In docker/data/custom/plan/my-mysql.yaml:

name: "my_mysql_plan"
description: "Create account data via MySQL"
tasks:
  - name: "mysql_task"
    dataSourceName: "my_mysql"

  1. Click on Connection towards the top of the screen
  2. For connection name, set to my_mysql
  3. Click on Select data source type.. and select MySQL
  4. Set URL as jdbc:mysql://localhost:3306/customer
  5. Set username as root
  6. Set password as root
    1. Optionally, we could set a schema and table name but if you have more than schema or table, you would have to create new connection for each
  7. Click on Create
  8. You should see your connection my_mysql show under Existing connections
  9. Click on Home towards the top of the screen
  10. Set plan name to my_mysql_plan
  11. Set task name to mysql_task
  12. Click on Select data source.. and select my_mysql

This class defines where we need to define all of our configurations for generating data. There are helper variables and methods defined to make it simple and easy to use.

Connection Configuration

Within our class, we can start by defining the connection properties to connect to MySQL.

var accountTask = mysql(
    "customer_mysql",                                   //name
    "jdbc:mysql://host.docker.internal:3306/customer",  //url
    "root",                                             //username
    "root",                                             //password
    Map.of()                                            //optional additional connection options
)

Additional options such as SSL configuration, etc can be found here.

val accountTask = mysql(
    "customer_mysql",                                   //name
    "jdbc:mysql://host.docker.internal:3306/customer",  //url
    "root",                                             //username
    "root",                                             //password
    Map()                                               //optional additional connection options
)

Additional options such as SSL configuration, etc can be found here.

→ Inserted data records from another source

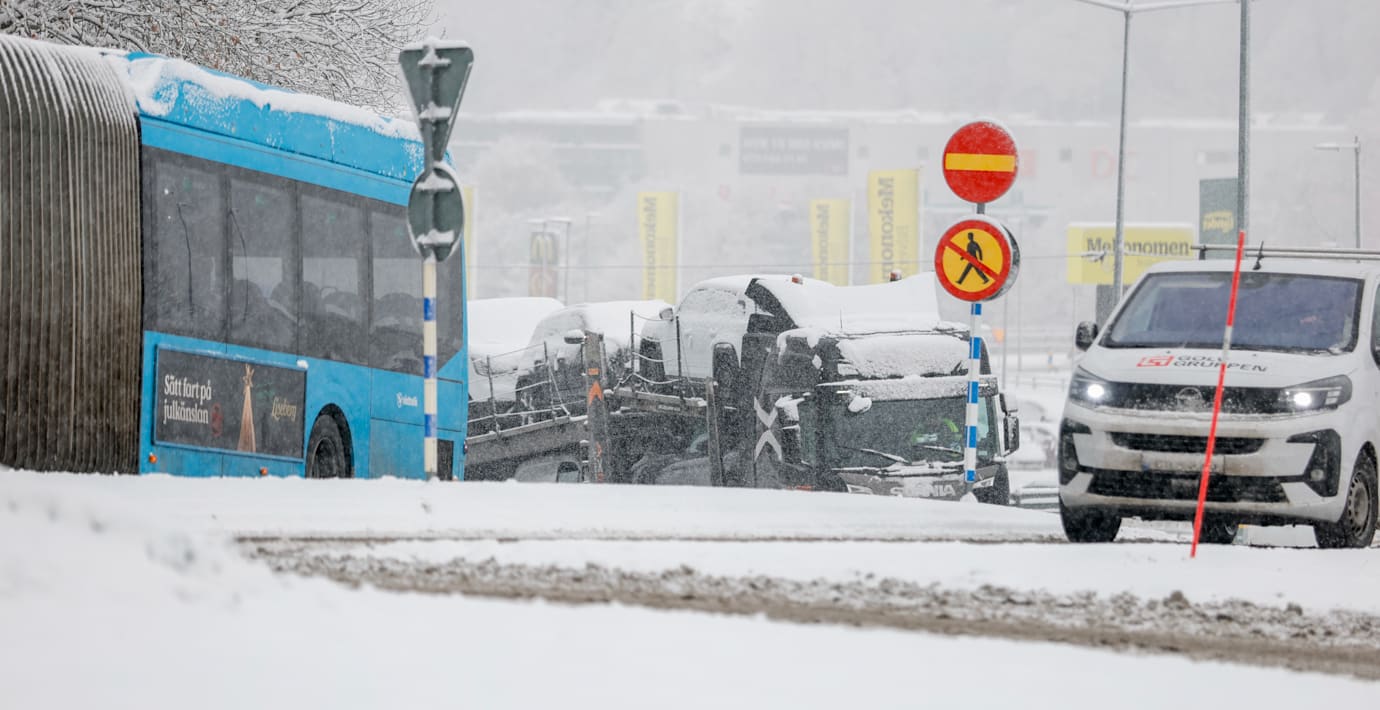 Nytt snöoväder på väg – orange varning i Göteborg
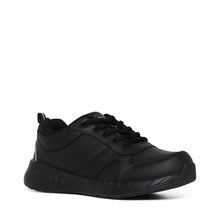 Load image into Gallery viewer, Clarks Happen Black School Shoes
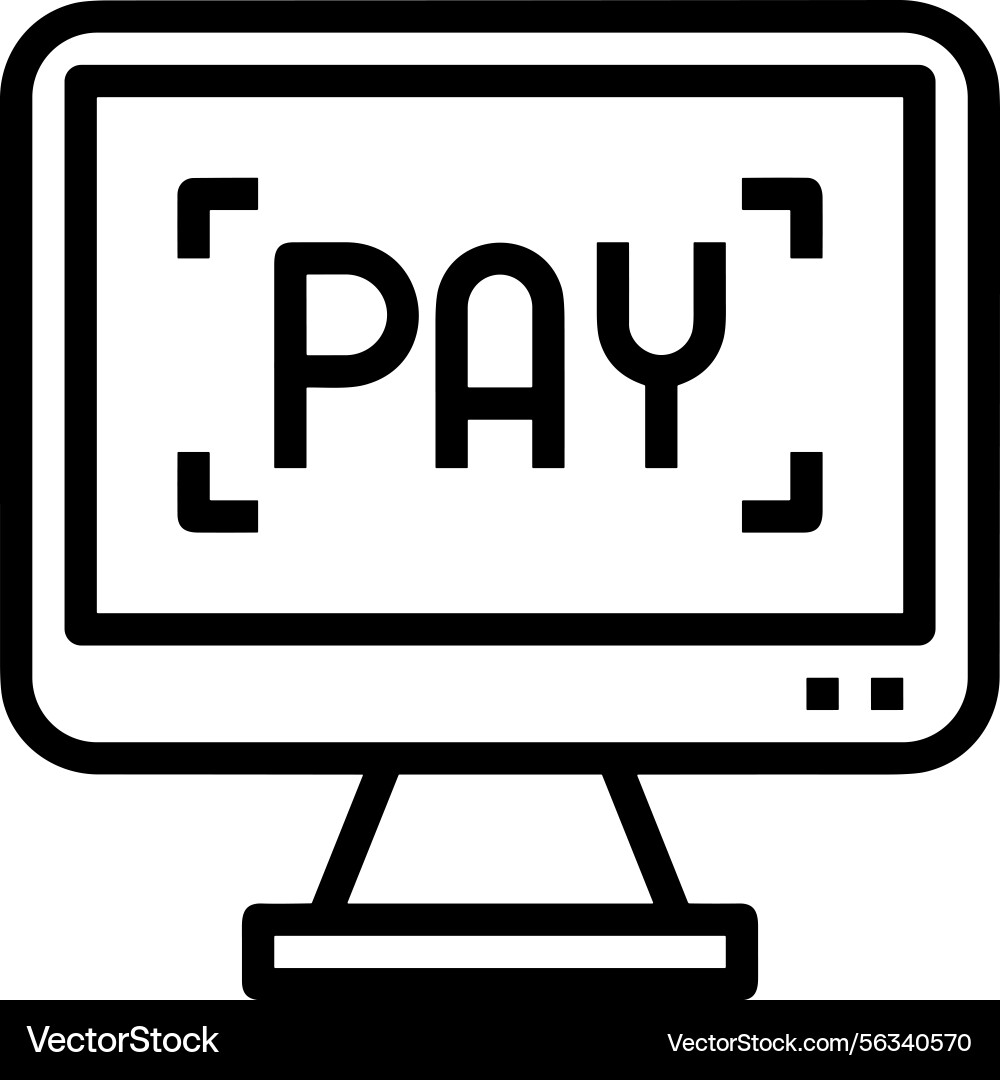 Computer icon symbol image Computer icon symbol image vector image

In docker/data/custom/application.conf:

jdbc {
    customer_mysql {
        url = "jdbc:mysql://jdbc:mysql://host.docker.internal:3306/customer/customer"
        user = "root"
        password = "root"
        driver = "com.mysql.cj.jdbc.Driver"
    }
}

  1. We have already created the connection details in this step

Schema

Let's create a task for inserting data into the customer.accounts and customer.balances tables as defined underdocker/data/sql/mysql/customer.cql. This table should already be setup for you if you followed this step.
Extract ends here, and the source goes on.